## WHAT THE EXERCISE ASKS
The required answer is the data below, restated word for word with images omitted.

## COLLECTED DATA
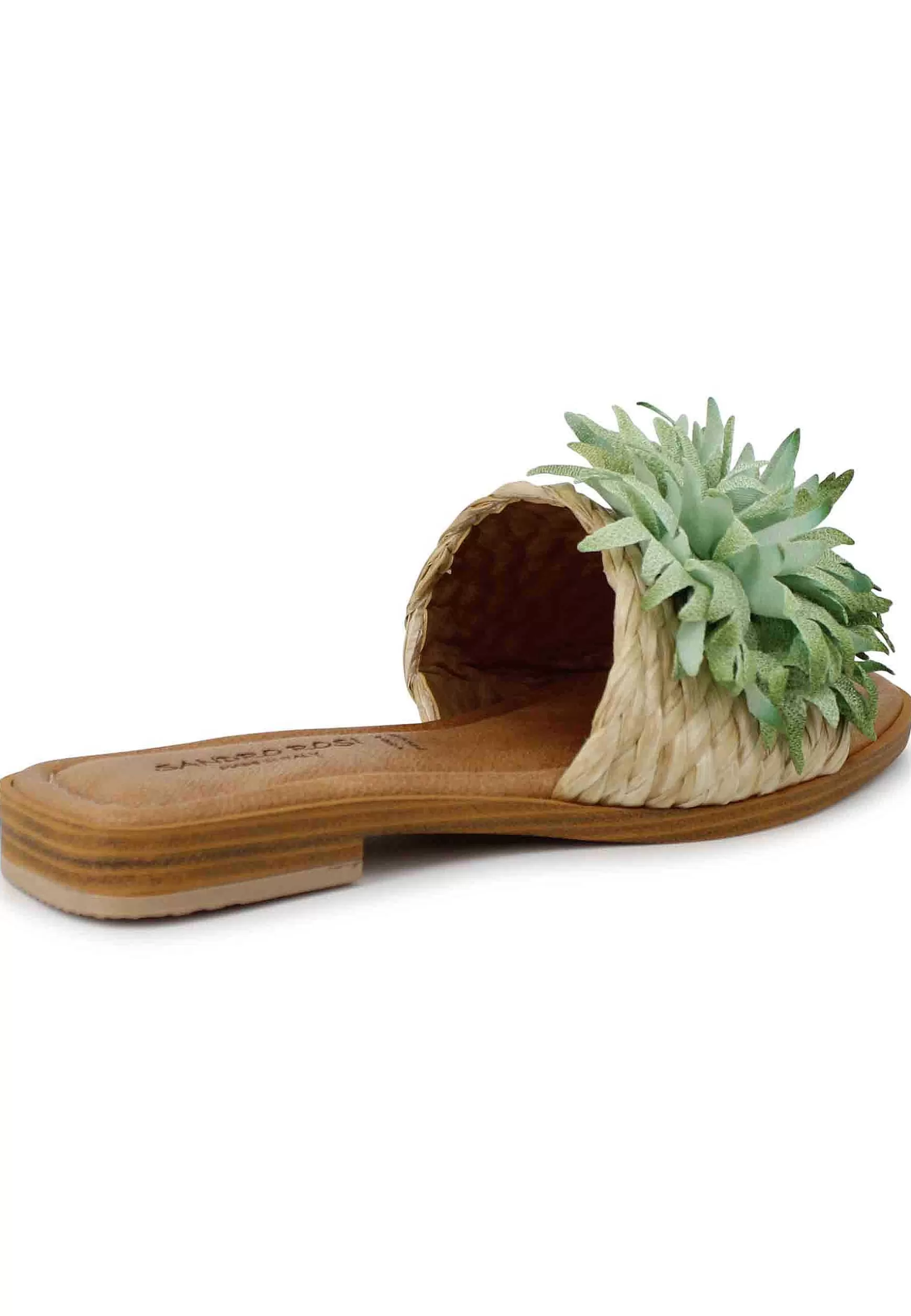 Sandali Flat Donna In Tessuto Naturale Con Fiore Verde*Sandro Rosi Fashion
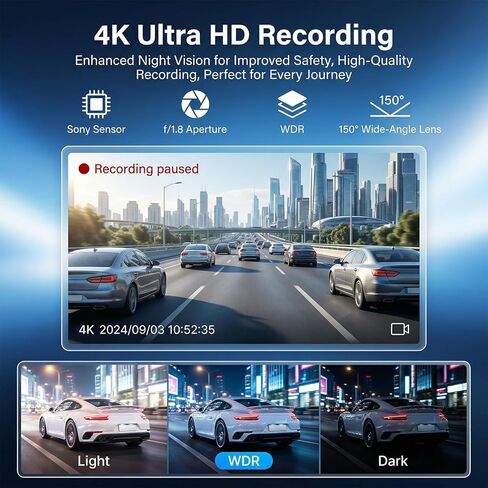 4K Dash Cam for Ford F150/F250 2021-2025 Raptor Lariat Limited King Ranch, OEM Style Front Camera 64GB SD Night Vision Loop Recording G-Sensor App Playback in Kuwait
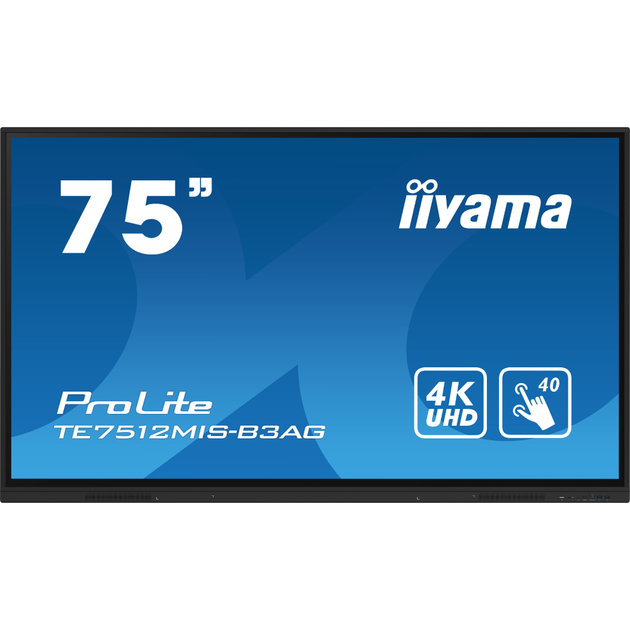 Монитор 75 Iiyama TE7512MIS-B3AG IPS/интерактивный дисплей/Android 11 Черный - изображение 1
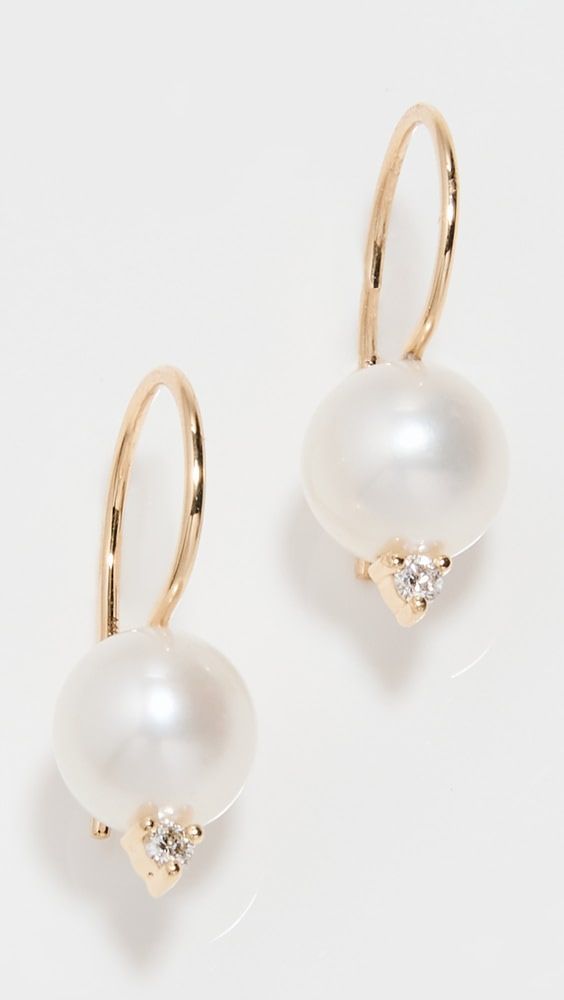 Mizuki Small Pearl and Diamond Earrings | Shopbop | Shopbop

## WRITTEN RESPONSE
 Sandali Flat Donna In Tessuto Naturale Con Fiore Verde*Sandro Rosi Fashion
 4K Dash Cam for Ford F150/F250 2021-2025 Raptor Lariat Limited King Ranch, OEM Style Front Camera 64GB SD Night Vision Loop Recording G-Sensor App Playback in Kuwait
 Монитор 75 Iiyama TE7512MIS-B3AG IPS/интерактивный дисплей/Android 11 Черный - изображение 1
 Mizuki Small Pearl and Diamond Earrings | Shopbop | Shopbop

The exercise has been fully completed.